En la vereda de enfrente, en la esquina, un pequeño negocio ha formado una gran pila de bolsas de papas al lado de cajones con repollos. El comerciante no atina a ocuparse de ese equipo de la televisión israelita que ha instalado lámparas, trípode y ese camarógrafo que parece bailar luchando contra el frío delante de su modesto negocio.
Los periodistas de toda disciplina se hacen discretos en Lviv (Leópolis), ciudad que podría terminar siendo la próxima capital de Ucrania si Kiev cae en manos de los rusos. También podría ser que los rusos rodeen la capital de cuatro millones de habitantes para hacerla caer como fruta madura, hambrienta y helada. La semana que viene un anticiclón se instalará aquí haciendo bajar la temperatura a -10° centígrados.
Discretos andan los periodistas ya que el Ministerio del Interior con el alto mando del Ejército han publicado un comunicado muy inquietante. Dice así:
Por lo tanto les pedimos persistentemente que no grabe y no tomen una foto en check point, aeropuertos, estaciones de tren, depósitos de petróleo, oleoductos y gasoductos, plantas de energía, Ejército ucraniano, Equipo militar ucraniano. Deben estar en la ciudad durante el toque de queda (de 22:00 de la noche hasta las 6:00 de la mañana).
Varios son los periodistas que han sido revisados con más o menos discreción y amabilidad. Rodeados se les pide pasaporte y credenciales de prensa. Las credenciales del las Fuerzas Armadas de Ucrania son atribuidas luego de uno a dos meses, lo que no ayuda a ser creíbles.
Algunos han sido arrestados, otros interrogados hasta dos días. Esta verdadera paranoia ha alcanzado a la población que de vez en cuando amenaza a cuanta cámara ve paseando por las calles. El gobierno ha pedido a los ucranianos de estar muy atentos, ya que saboteadores rusos se habrían infiltrado en todo el país para crear caos y desorganizar su defensa.
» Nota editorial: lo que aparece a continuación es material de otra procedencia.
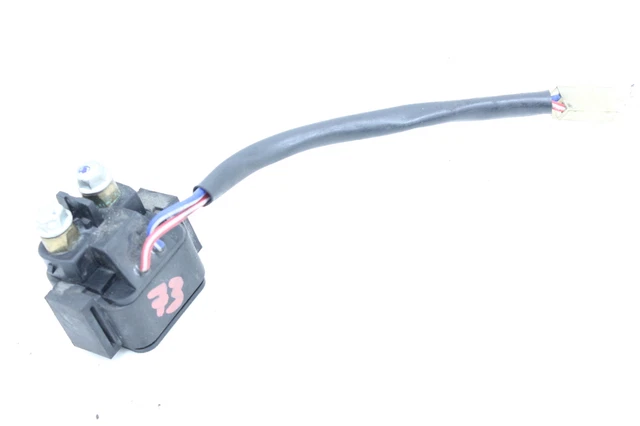 Relais Démarreur Pour Yamaha XP400 / X-Max 2013-2016 - Pièce Neuve Générique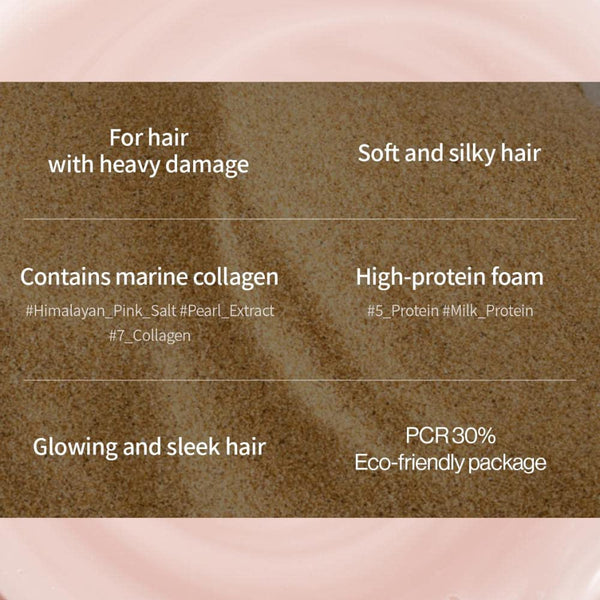 Damage Therapy Shampoo EX 500ml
Cada cual debe alertar a las autoridades si ve pintas extrañas en las paredes o los techos, serían señales hacia los espías y saboteadores.
La angustia lleva los habitantes de Lviv a extremos tan ridículos como preocupantes: al entrar en un bar para tomar un café fui recibido por dos jóvenes en uniforme de combate negro, mascarilla negra; me exigieron mi pasaporte y al ver que era extranjero me preguntaron qué es lo que hacía en el país.
Tuve que mostrar mis credenciales. Y una vez en regla me he dado la vuelta tras murmullos, algo que no han entendido, pero seguramente adivinado.